Lately Karlsruhe’s art museum ZKM presented a large show on the works of William Burroughs with a lot of wonderful exhibits including the famous dream machine, a device he developed with Brion Gysin, who defines it as “a cylinder with holes in it attached to a record-player turntable. In the middle of the cylinder sits a light bulb. The turntable is set to spin at 78 RPM. Subjects sit in front of the cylinder and close their eyes. The light shines through the holes in the spinning cylinder and flickers on the eyelids.” If you keep looking into it (no matter if you have your eyes closed or not), it has a weird but pleasant psychedelic effect.

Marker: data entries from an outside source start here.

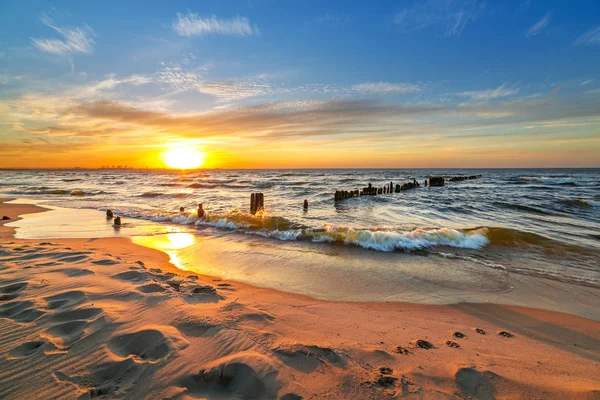 Pôr do sol na praia no Mar Báltico — Fotografia de Stock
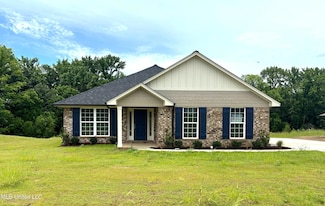7807 Mary McCoy Dr, Horn Lake, MS 38637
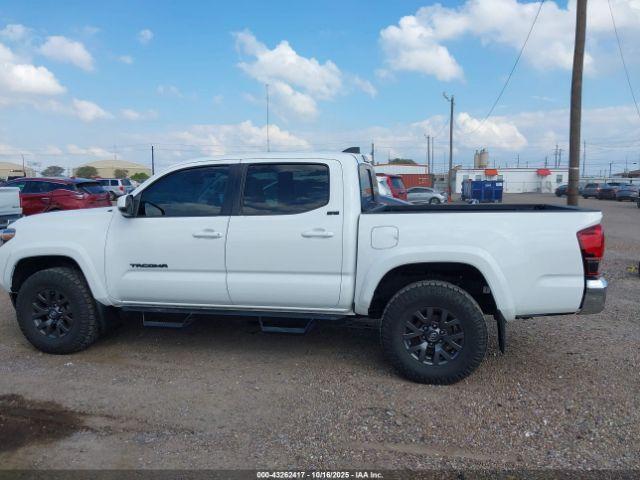 Toyota Tacoma Sr5 V6 Image 14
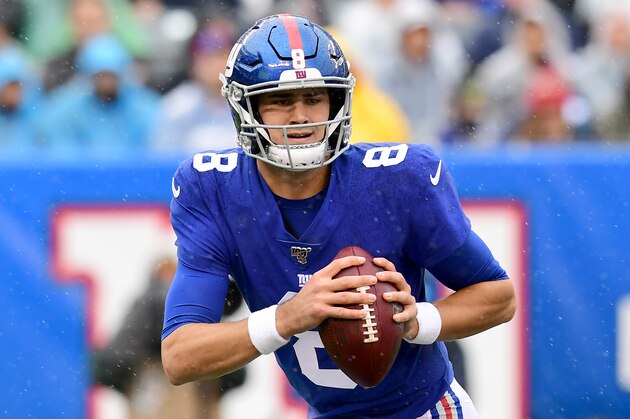 EAST RUTHERFORD, NEW JERSEY - OCTOBER 20: Daniel Jones #8 of the New York Giants carries the ball during the first quarter of their game against the Arizona Cardinals at MetLife Stadium on October 20, 2019 in East Rutherford, New Jersey. (Photo by Emilee Chinn/Getty Images)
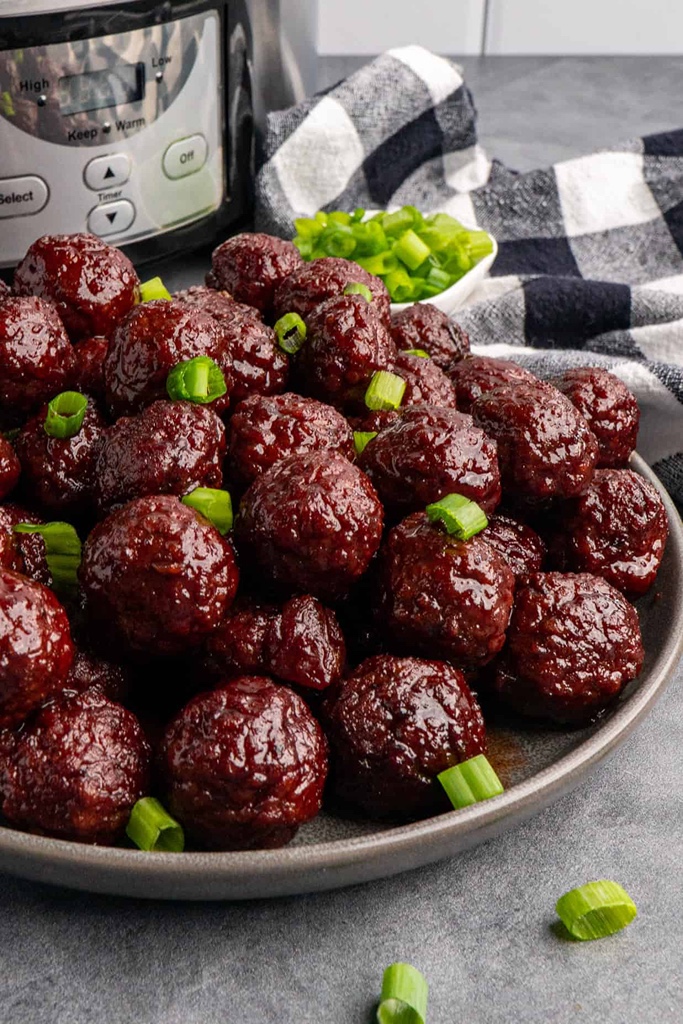 Crockpot grape jelly and chili sauce meatballs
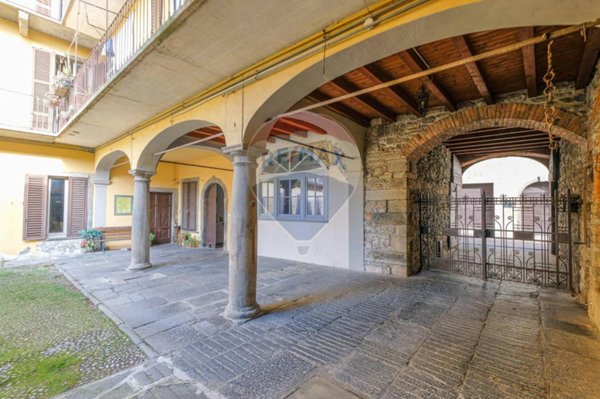 appartamento in vendita a Caprino Bergamasco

John Zorn’s work has been influenced by a lot of non-musical stuff and the ideas of Brion Gysin and William Burroughs, their writing and their revolutionary techniques of third mind collaboration are definitely among them. Dreamachines picks up Burroughs’ and Gysin’s innovative style, the absence of linear stories, the cut-up technique and their fascination for so-called routines and neologisms. Especially the cut-up technique has always been a crucial element of Zorn’s music (to the extreme in Naked City) which has always given a dramatic surprise to his compositions.

Dreamachines  marks the third part of a trilogy that started with the multi-part suite Interzone  in 2010, and was followed by Nova Express a year later. Dreamachines continues Nova Express because it makes use of the same band - John Medeski (p), Trevor Dunn (b), Kenny Wollesen (vib), and Joey Baron (dr) – and it is the jazziest one of this bundle of albums. The first track, “Psychic Conspirators”, presents Wollesen gone mad in front of a relentless rhythm section, like an elaborate Naked City segment that also refers back to an early work like Spillane. The track looks like a typical Burroughs routine, it is a surreal composition which grows, expands, implodes and folds in on itself. “Gît-Le-Couer” (the name of the hotel in which Gysin and Burroughs lived in Paris, which went down in history as the so-called Beat Hotel) is another example of Zorn’s processing of the cut-up technique: it starts very relaxed breathing the cliché intellectual Paris atmosphere of the 1960 before it takes a turn to a typical spooky Dreamers track and then goes back to where it started off. The highlights are “1001 Nights in Marrakech” with its Arabian influence and its dark piano riff and the psychedelic sparkling title track, both having strong soundtrack qualities. Great album, indeed.